**Work request**
Please restate every entry exactly. Leave out the pictures.
--
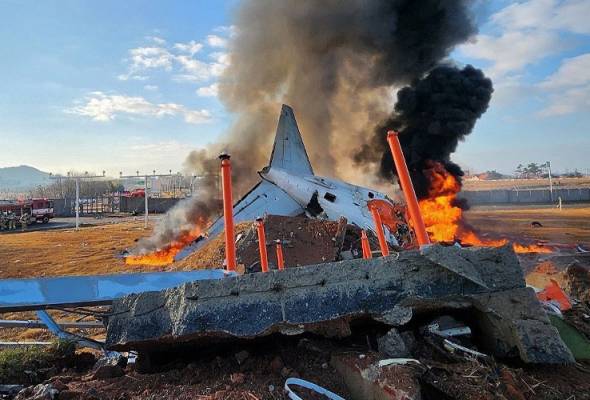 Nahas pesawat Jeju Air: Polis serbu Lapangan Terbang Muan untuk hari kedua
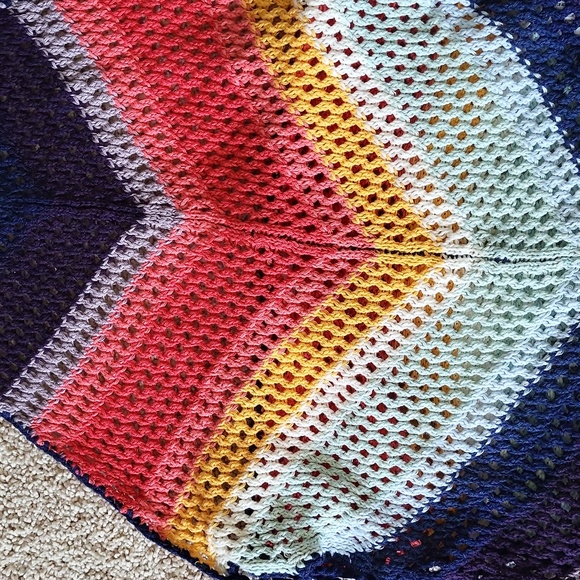 Crochet halter top - Picture 2 of 9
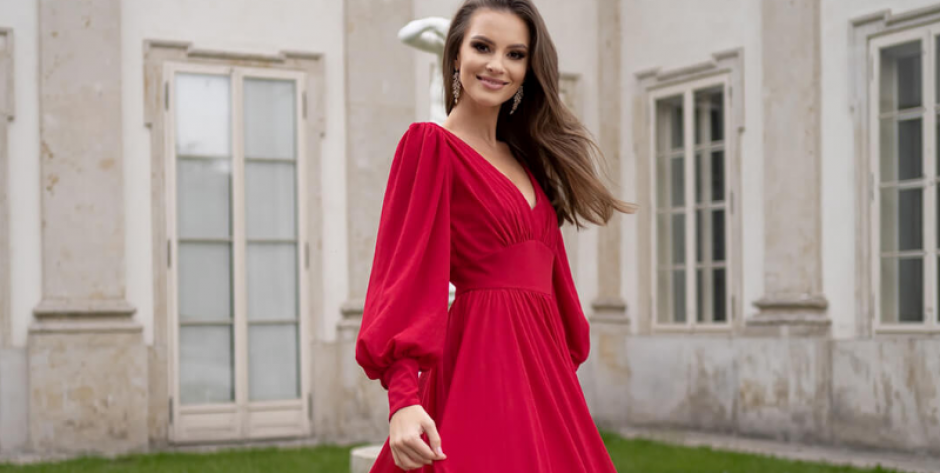 Sukienki wieczorowe maxi a dress code „black tie” i „white tie”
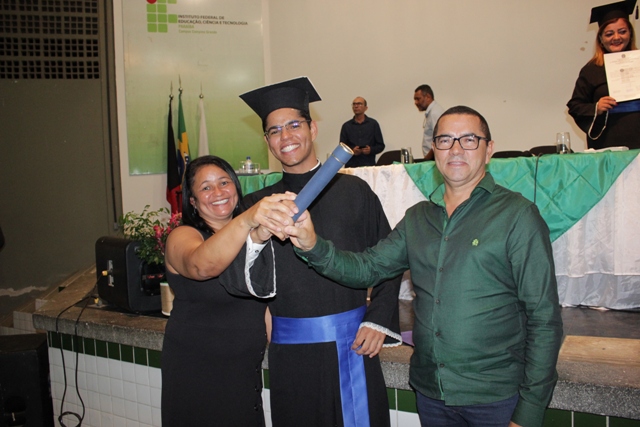 Formando Hallyson Silva com os pais
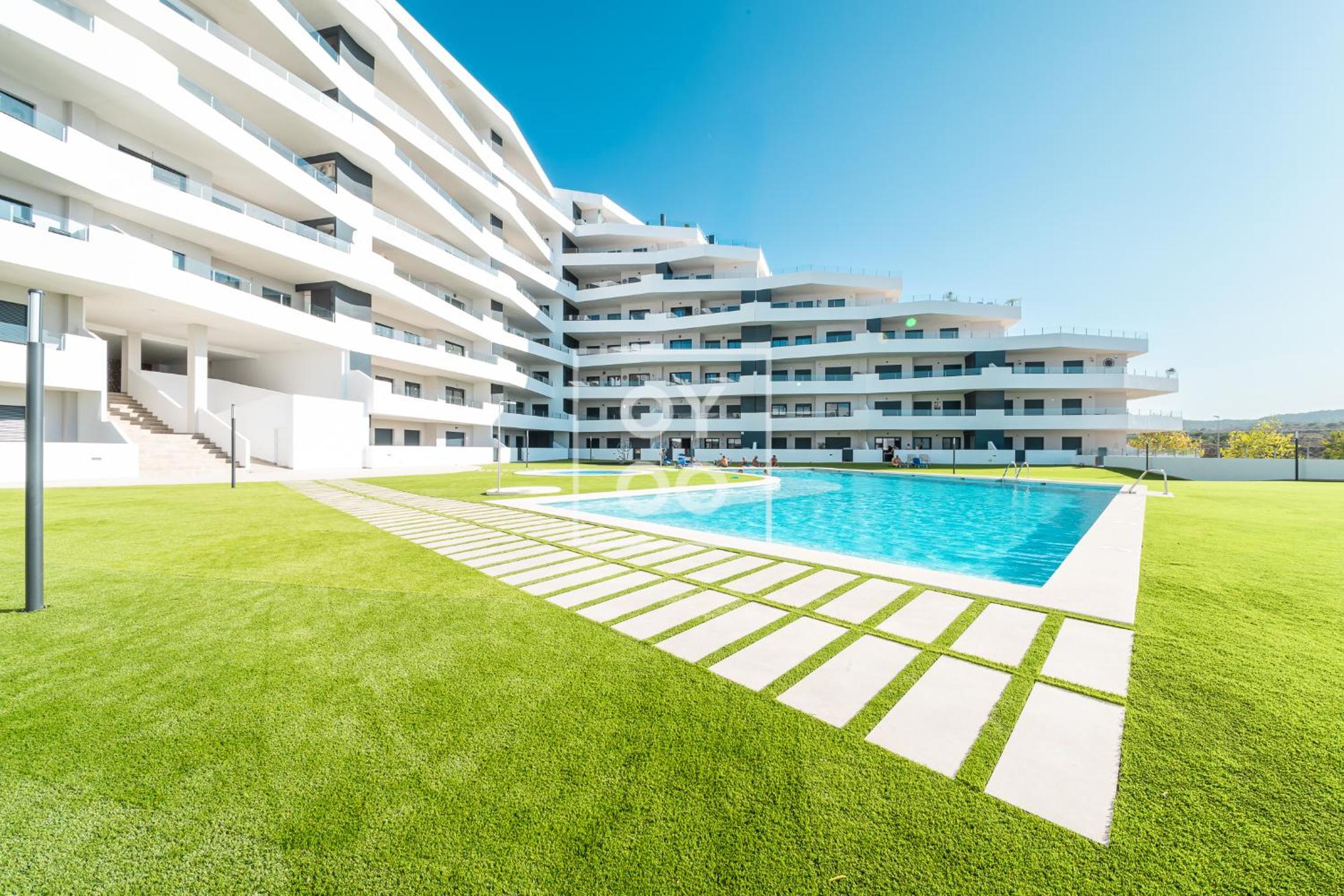 Solana Boutique Apartment, pool, serenity and views, by OYOOSTAYS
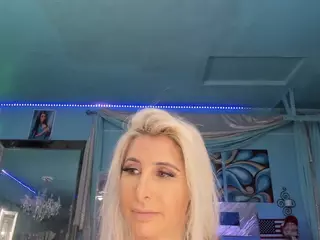 adrianna777's Live Sex Cam Show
--
**Task answer**
 Nahas pesawat Jeju Air: Polis serbu Lapangan Terbang Muan untuk hari kedua
 Crochet halter top - Picture 2 of 9
 Sukienki wieczorowe maxi a dress code „black tie” i „white tie”
 Formando Hallyson Silva com os pais
 Solana Boutique Apartment, pool, serenity and views, by OYOOSTAYS
 adrianna777's Live Sex Cam Show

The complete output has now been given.